__WORK ITEM__
After locating the line that contains "USS Gerald R.", transcribe exactly that line and each one after it until the data ends, skipping pictures.

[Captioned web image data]
"""
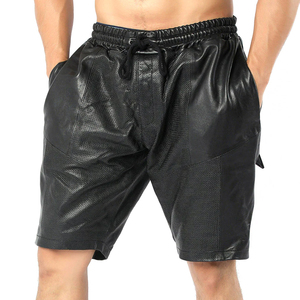Men's Black PU Coated Bermuda Shorts Drawstring Waist Breathable Mesh Panels Casual Style With Pockets Mid Rise Woven Fabric - Product Image 1
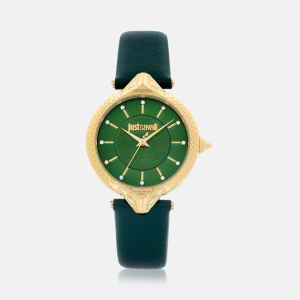 Just Cavalli - 32 mm Leather Strap Women's Watch – Green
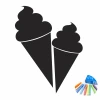 Chalk sticker ice cream 334 - Graphic design featuring two large cone-shaped ice creams with wavy tops.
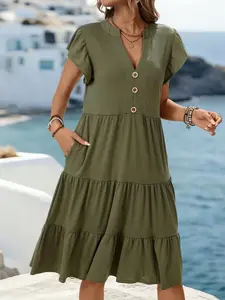 Casual Vacation Retro Military V-Neck Ruffle Patchwork A-Line Dress, All Seasons Fashion, Comfortable and Stylish Design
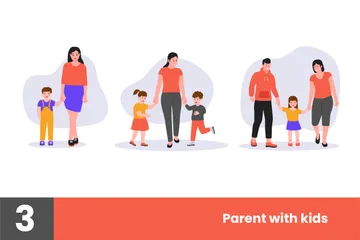 Parents With Kid Illustration Pack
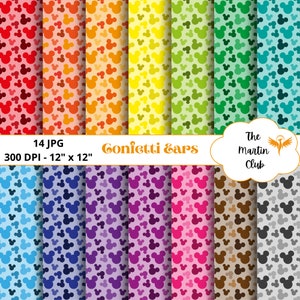 Mickey Mouse oren achtergrond digitale papieren Confetti muis oren Scrapbook papier patroon - digitale download - persoonlijk en commercieel gebruik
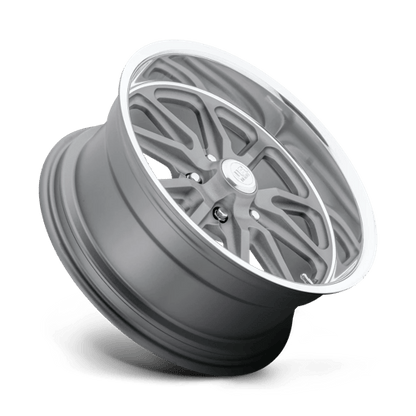 18x7 US Mags U111 Rambler Textured Gray W/ Diamond Cut Lip Wheel 5x5 (1mm)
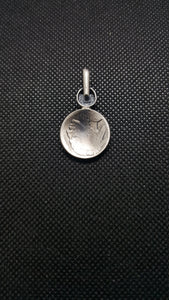 Silver Kingman Turquoise Coin Buffalo Pendant Necklace Sterling Silver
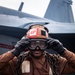 USS Gerald R. Ford (CVN 78) Sailor Dons Goggles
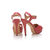 Red Suede Snake Skin Leather Peep Toe Platform Pump Sandal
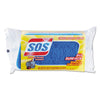 S.O.S® All Surface Scrubber Sponge, 2.5 x 4.5, 0.9" Thick, Dark Blue, 12/Carton Sponges-Scrub Sponge - Office Ready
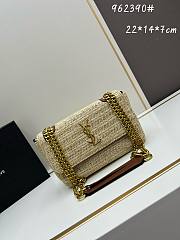 YSL Natural Niki Raffia And Leather Medium Shoulder Bag - 22x14x7cm - 1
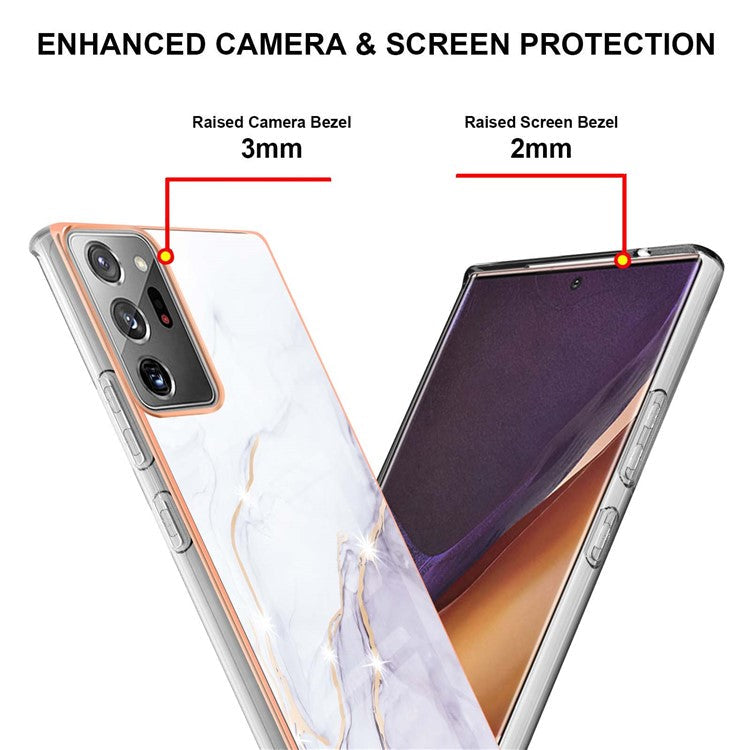 IMD Shockproof Flexible TPU Marble Pattern Cover Phone Case for Samsung Galaxy Note20 Ultra/Note20 Ultra 5G - White 006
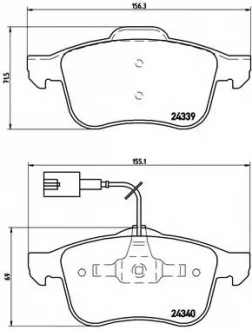 Комплект тормозных колодок, дисковый тормоз BREMBO P23 103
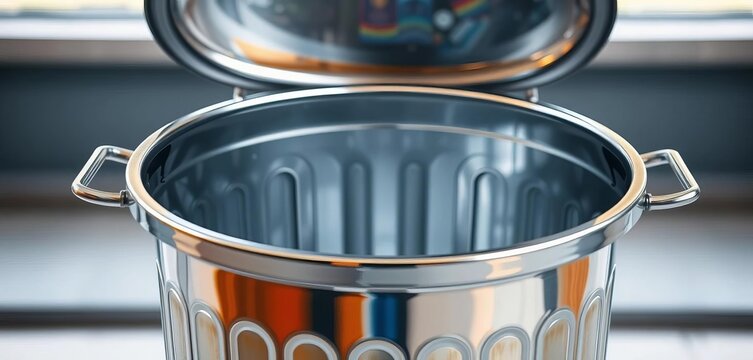 A metallic trash can with its lid open, revealing an empty interior, design, indoor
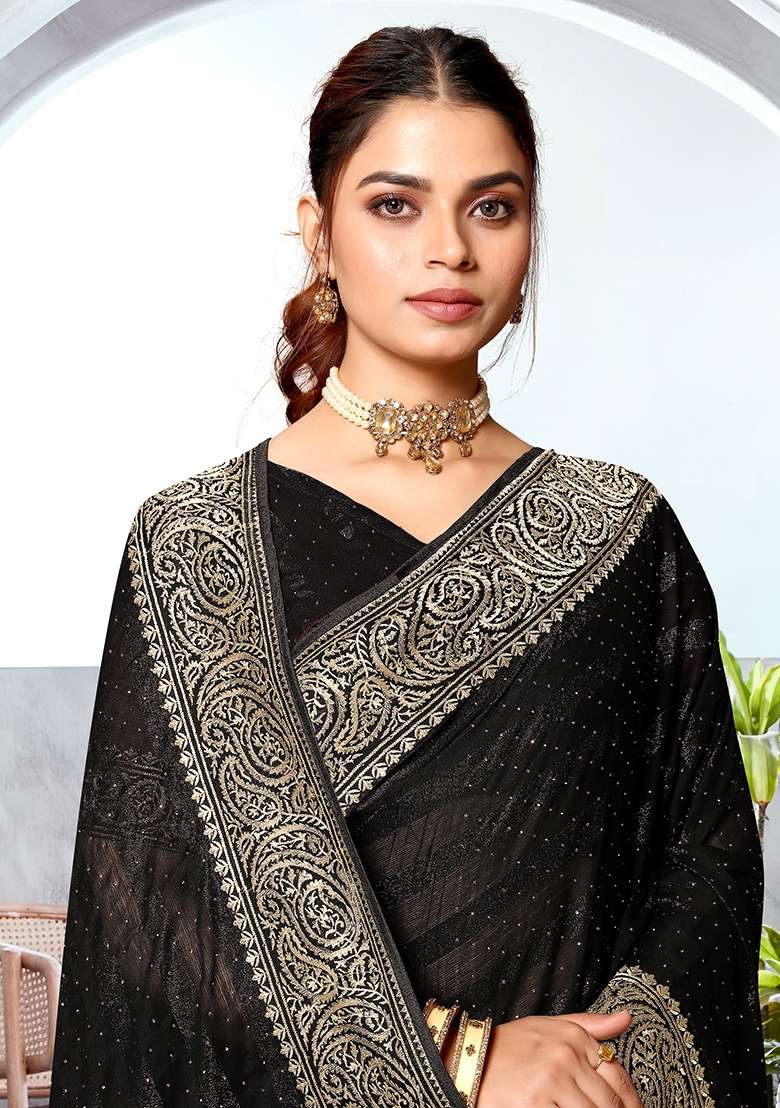 Black Silk Blend Saree Set with Embroidered for Diwali | Wedding & Festive Wear - Indya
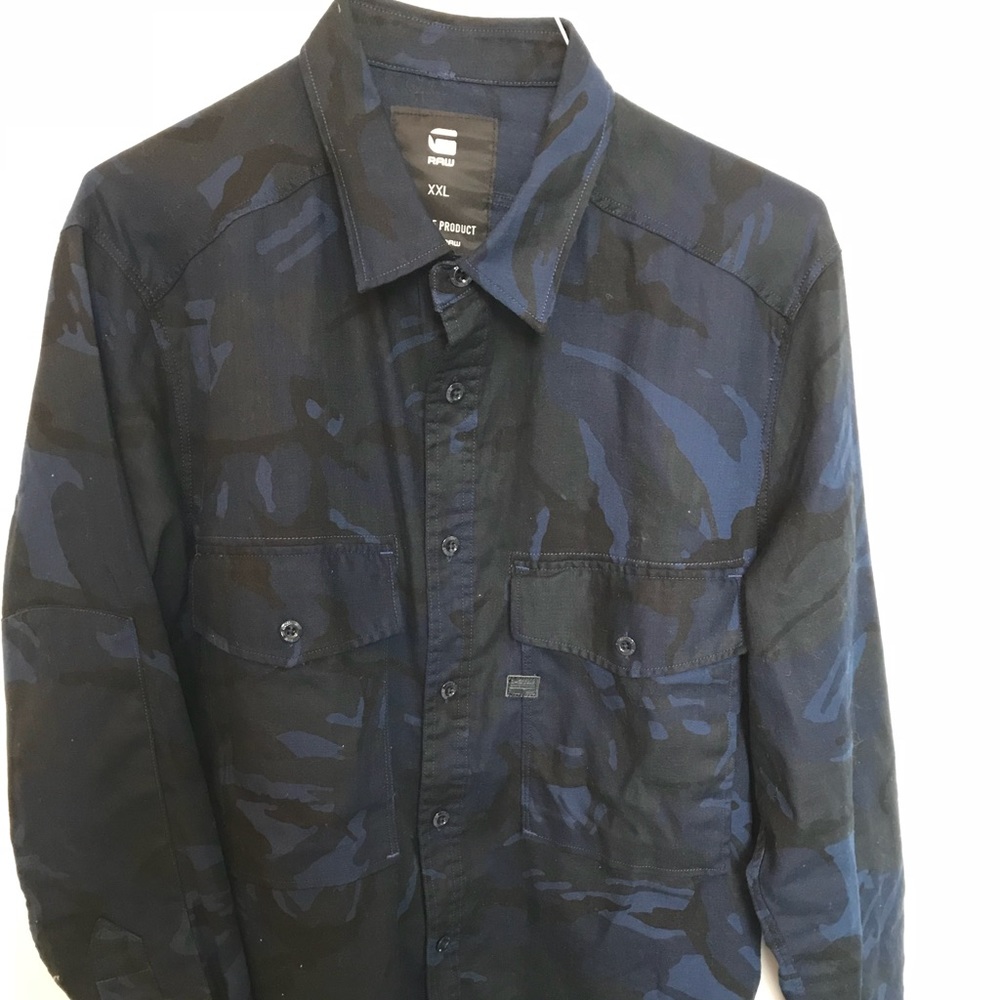 G-Star Raw XXL blue camouflage long sleeve shirt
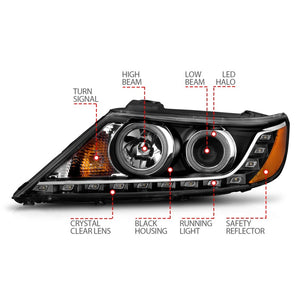 ANZO 2011-2013 Kia Sorento Projector Headlights w/ Halo Black (CCFL)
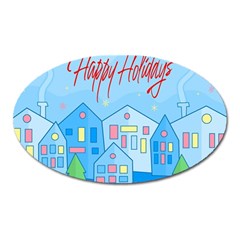 Xmas Landscape - Happy Holidays Oval Magnet by Valentinaart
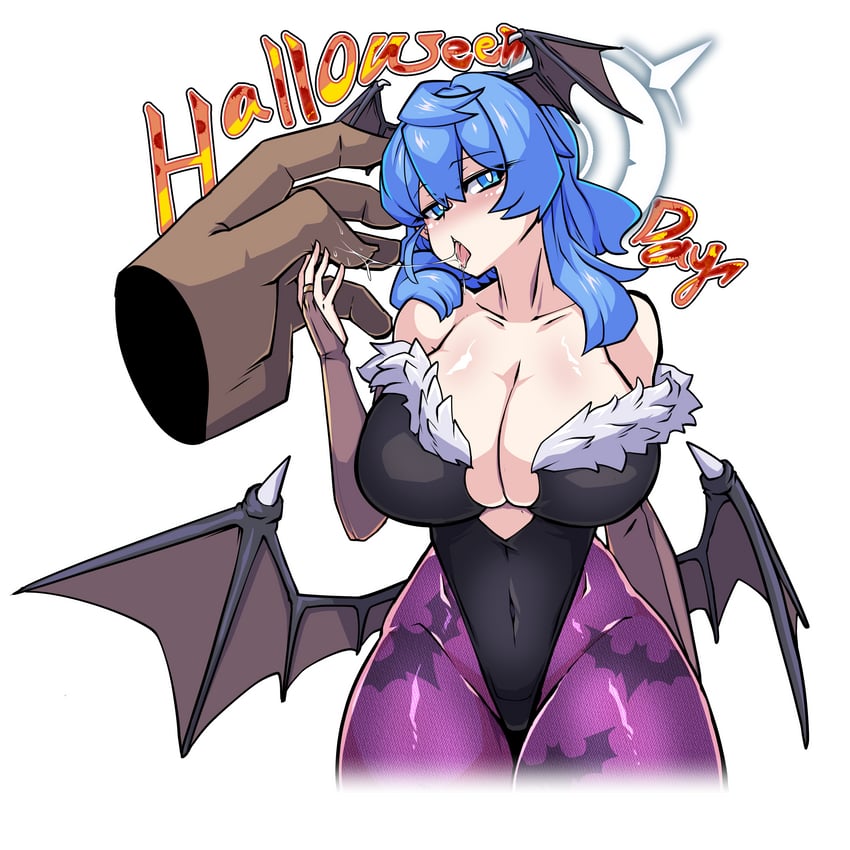 morrigan aensland and ako (blue archive and 1 more) drawn by lazy_ant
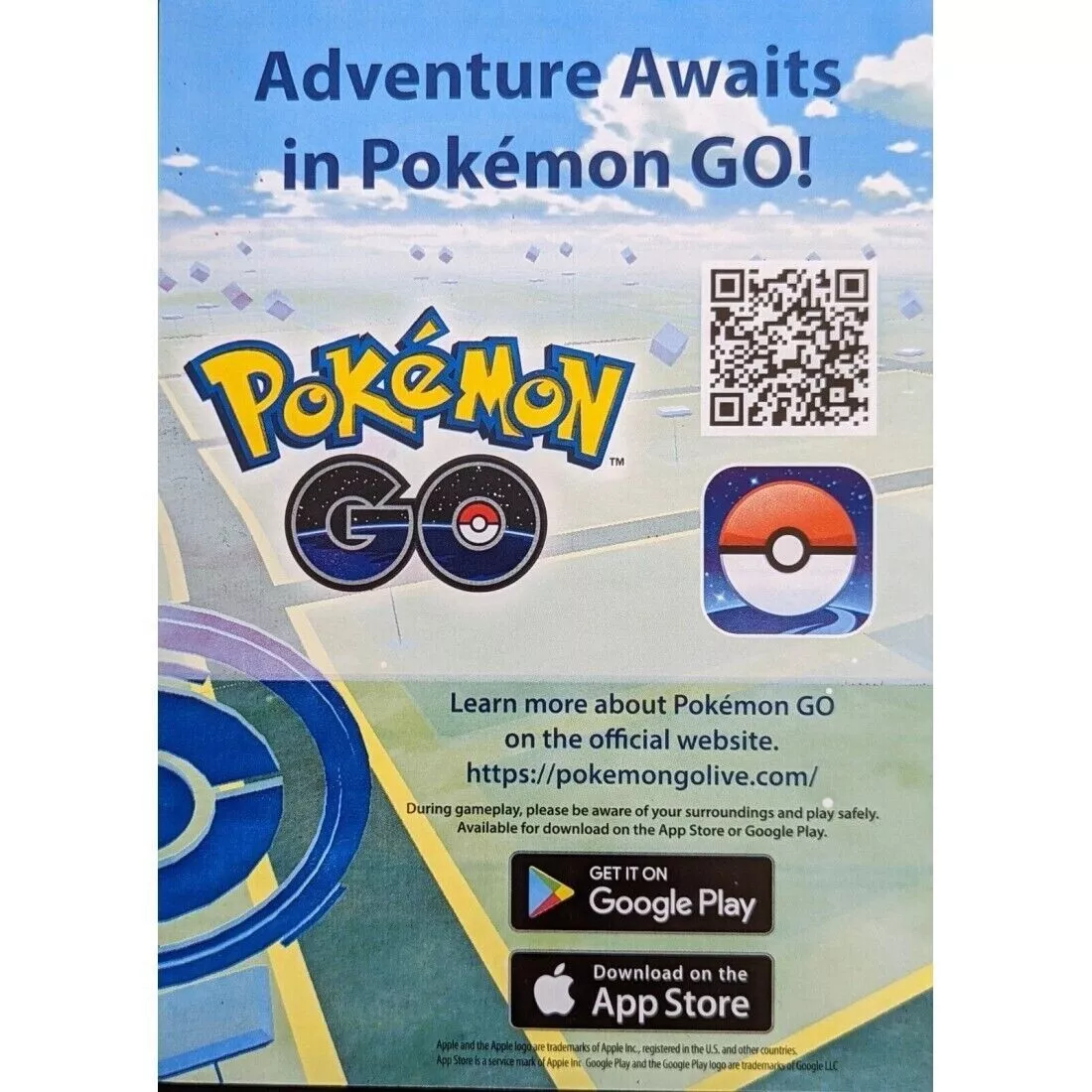 1 Sheet Of Pokemon GO Niantic App Codes - 4 Codes Per Sheet!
"""
__REPLY__
 USS Gerald R. Ford (CVN 78) Sailor Dons Goggles
 Red Suede Snake Skin Leather Peep Toe Platform Pump Sandal
 S.O.S® All Surface Scrubber Sponge, 2.5 x 4.5, 0.9" Thick, Dark Blue, 12/Carton Sponges-Scrub Sponge - Office Ready
 YSL Natural Niki Raffia And Leather Medium Shoulder Bag - 22x14x7cm - 1
 IMD Shockproof Flexible TPU Marble Pattern Cover Phone Case for Samsung Galaxy Note20 Ultra/Note20 Ultra 5G - White 006
 Комплект тормозных колодок, дисковый тормоз BREMBO P23 103
 A metallic trash can with its lid open, revealing an empty interior, design, indoor
 Black Silk Blend Saree Set with Embroidered for Diwali | Wedding & Festive Wear - Indya
 G-Star Raw XXL blue camouflage long sleeve shirt
 ANZO 2011-2013 Kia Sorento Projector Headlights w/ Halo Black (CCFL)
 Xmas Landscape - Happy Holidays Oval Magnet by Valentinaart
 morrigan aensland and ako (blue archive and 1 more) drawn by lazy_ant
 1 Sheet Of Pokemon GO Niantic App Codes - 4 Codes Per Sheet!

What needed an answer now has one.